Friday's headlines: Rush-hour traffic in central Auckland predicted to slow to walking pace; Waikato district road toll now 40; Vive Aramoana by Ralph Hotere fetched $183,000 at auction in Auckland.
The New Zealand Herald says rush-hour traffic in central Auckland will slow to walking pace in 10 years if a central city rail tunnel is not built.
A draft report by transport engineers Sinclair Knight Merz says most bus networks near and in the city centre will be at capacity or overloaded by 2021 in terms of what can be provided on existing roads.
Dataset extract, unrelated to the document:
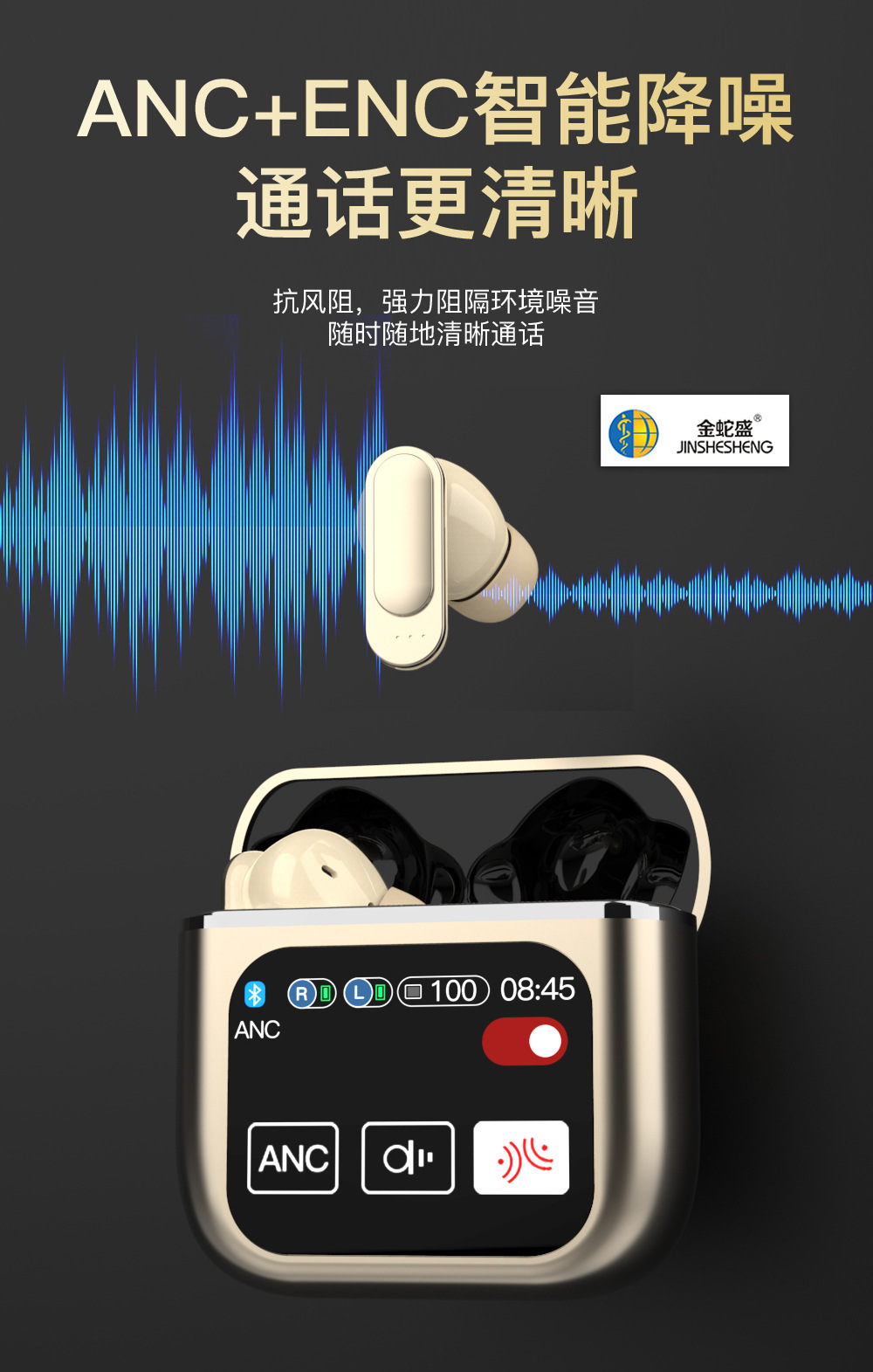 New touchscreen Bluetooth headphones with long-lasting battery life, ANC+ENC intelligent noise cancellation, LED screen in-ear TWS headphones pic 8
The Waikato Times leads with a picture of a fiery crash on the outskirts of Hamilton. A silver Mazda Lantis containing two males and two females lost control round a bend and rolled 20 metres along a paddock fence.
One woman, who was thrown from the car, died at the scene. The death takes the Waikato district road toll to 40 - the highest in the country. Also on Thursday: the Land Transport Agency declared State Highway One from Huntly to Hamilton to be the country's ''riskiest'' stretch of highway.
The Dominion Post reports serious injuries on the Rimutaka Hill Road increasing, and a rise in motorcycle accidents being blamed.
Between 2007 - 2011, there were two deaths and 32 serious crashes between Featherston and Upper Hutt.
Also on the front page, the paper recognises regional achievers with its Wellingtonian of the Year awards. MAS Technology founder Neville Jordan was named overall winner.
The Press reports that a plan to save Christchurch's Town Hall could yet be undone.
Christchurch City councillors voted unanimously on Thursday to spend an estimated $127 million on repairing the town hall.
But Earthquake Recovery Minister Gerry Brownlee says further discussions are needed, describing it as a very compromised building.
And the families of a pilot and passenger missing for almost eight years are grieving again after the discovery of helicopter wreckage in Fiordland.
The Otago Daily Times says increasing debt levels at Dunedin City Council have sparked negative attention from Standard & Poor's.
In more on the helicopter crash, the paper says the parents of the Waikato pilot believed to have been at the controls, have made the trek south to take home their son's remains.
And an Otago painting, Vive Aramoana by Ralph Hotere fetched $183,000 at auction in Auckland.